The task =>
Within the entries below, output exactly the lines between the line containing "Cabbage Patch Kids, Rainbow" and the line containing "Funky Buddha Ανδρικό", inclusive, and omit any picture.

Records shown =>
○ ○ ○ ○ ○ ○ ○

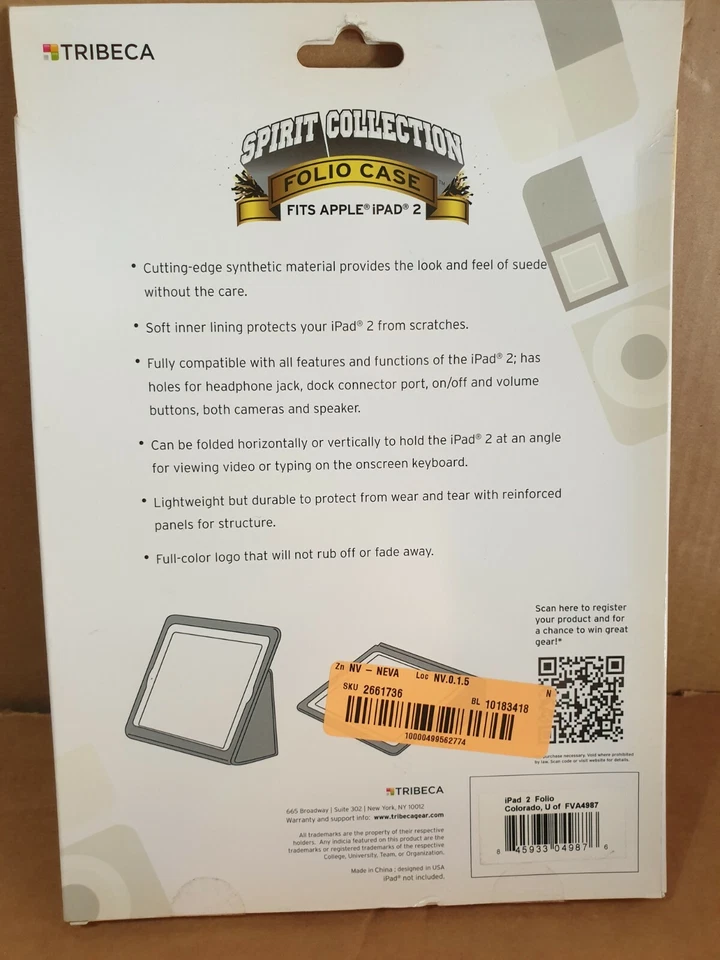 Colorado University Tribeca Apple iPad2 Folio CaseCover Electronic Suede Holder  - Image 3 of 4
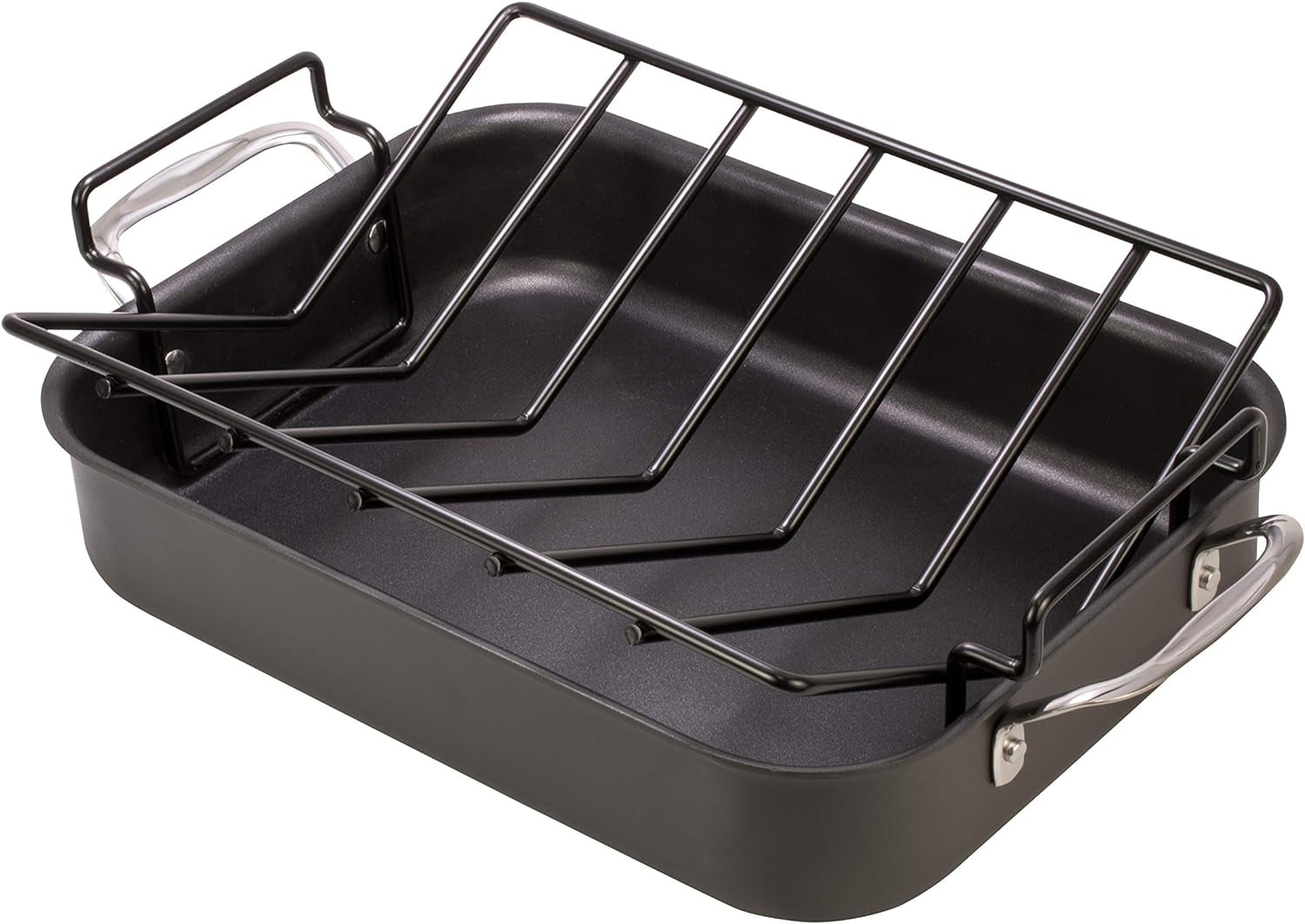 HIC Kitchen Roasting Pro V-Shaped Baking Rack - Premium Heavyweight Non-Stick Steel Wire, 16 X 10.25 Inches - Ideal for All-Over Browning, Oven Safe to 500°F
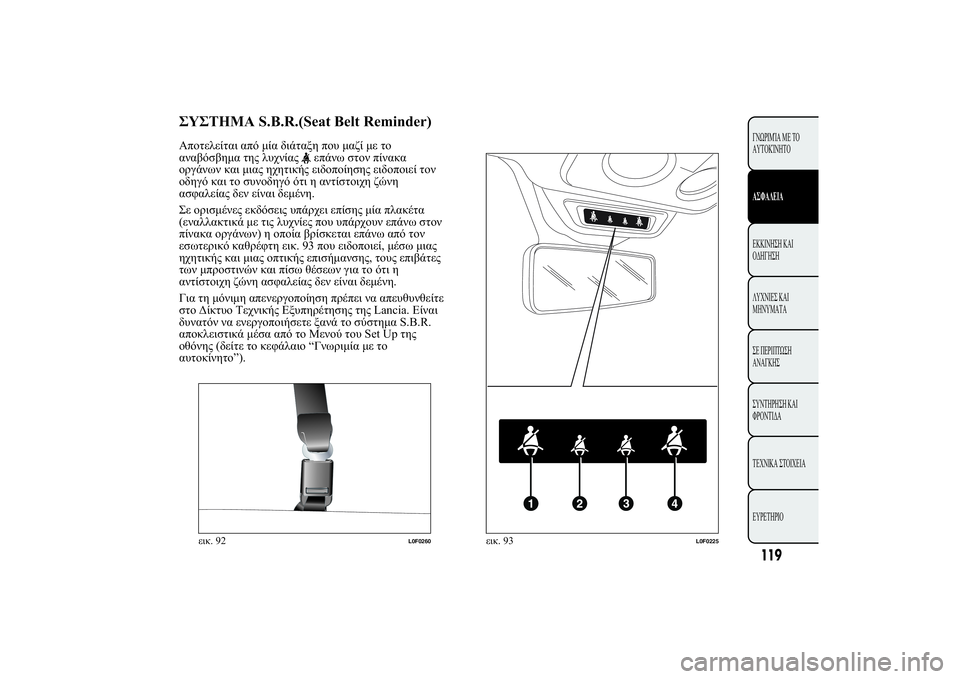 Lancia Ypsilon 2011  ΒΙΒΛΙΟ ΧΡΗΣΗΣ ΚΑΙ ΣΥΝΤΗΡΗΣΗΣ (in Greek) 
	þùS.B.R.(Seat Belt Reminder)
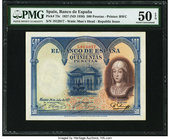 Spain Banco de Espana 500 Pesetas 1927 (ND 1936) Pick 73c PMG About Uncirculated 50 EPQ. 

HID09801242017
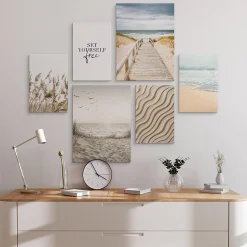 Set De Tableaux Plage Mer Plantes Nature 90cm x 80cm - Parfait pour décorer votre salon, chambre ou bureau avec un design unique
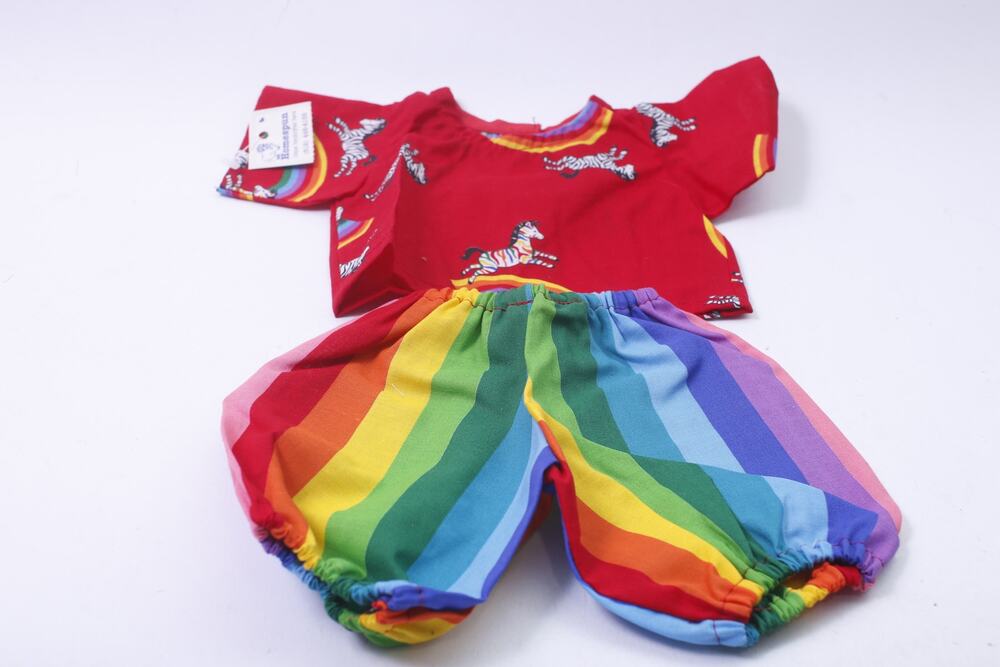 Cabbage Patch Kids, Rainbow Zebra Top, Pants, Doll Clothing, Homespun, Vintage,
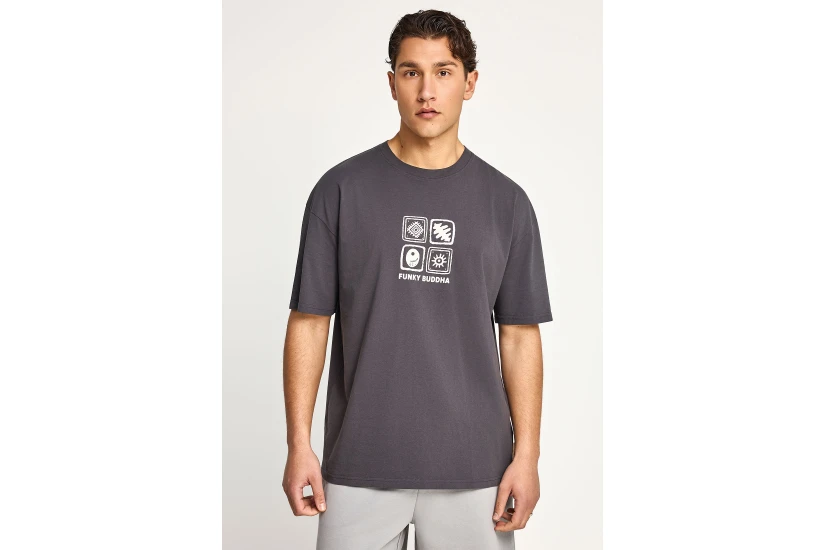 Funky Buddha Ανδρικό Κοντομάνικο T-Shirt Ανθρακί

○ ○ ○ ○ ○ ○ ○

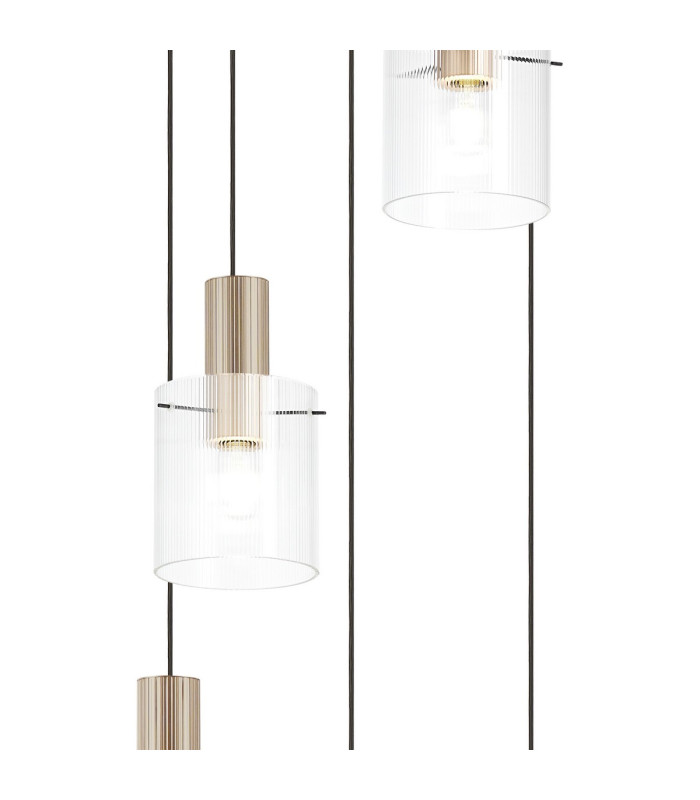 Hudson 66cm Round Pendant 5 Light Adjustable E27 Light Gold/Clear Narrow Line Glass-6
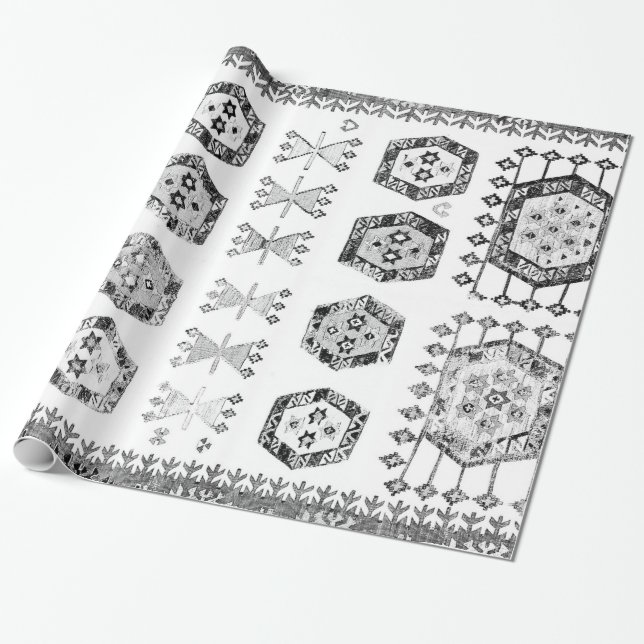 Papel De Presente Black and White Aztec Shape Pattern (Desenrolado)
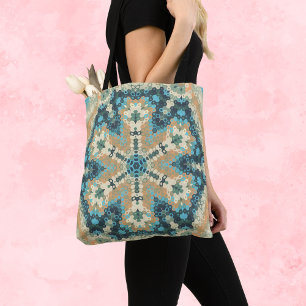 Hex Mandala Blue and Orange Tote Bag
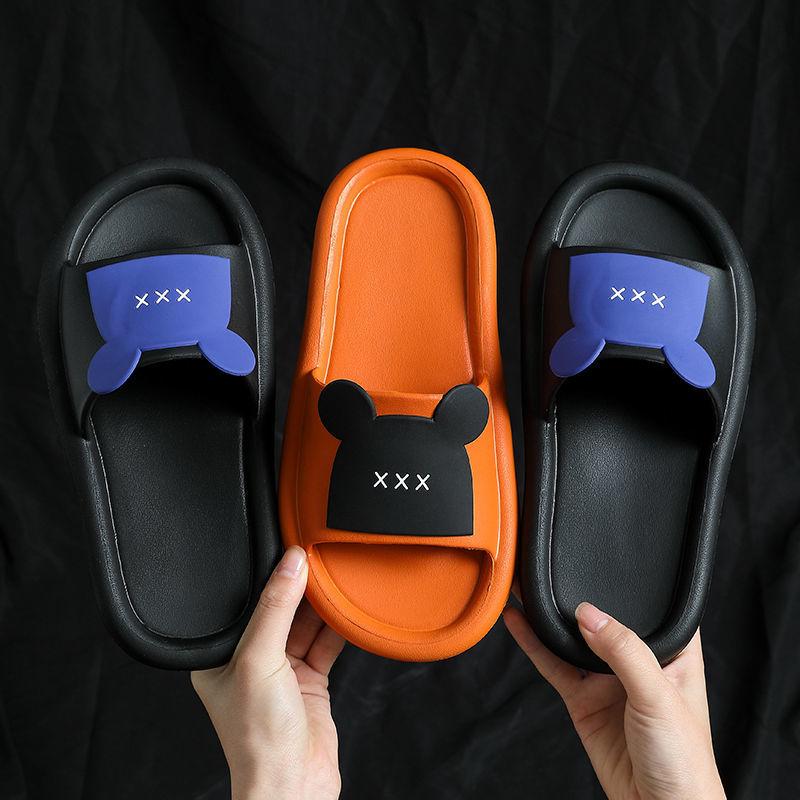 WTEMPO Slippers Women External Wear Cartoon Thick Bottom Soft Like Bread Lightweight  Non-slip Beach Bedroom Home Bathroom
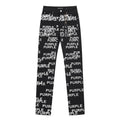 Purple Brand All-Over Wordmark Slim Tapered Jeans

○ ○ ○ ○ ○ ○ ○

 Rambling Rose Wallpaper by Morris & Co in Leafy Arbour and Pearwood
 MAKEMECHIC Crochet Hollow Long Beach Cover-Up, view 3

○ ○ ○ ○ ○ ○ ○

Finished task =>
 Cabbage Patch Kids, Rainbow Zebra Top, Pants, Doll Clothing, Homespun, Vintage,
 Funky Buddha Ανδρικό Κοντομάνικο T-Shirt Ανθρακί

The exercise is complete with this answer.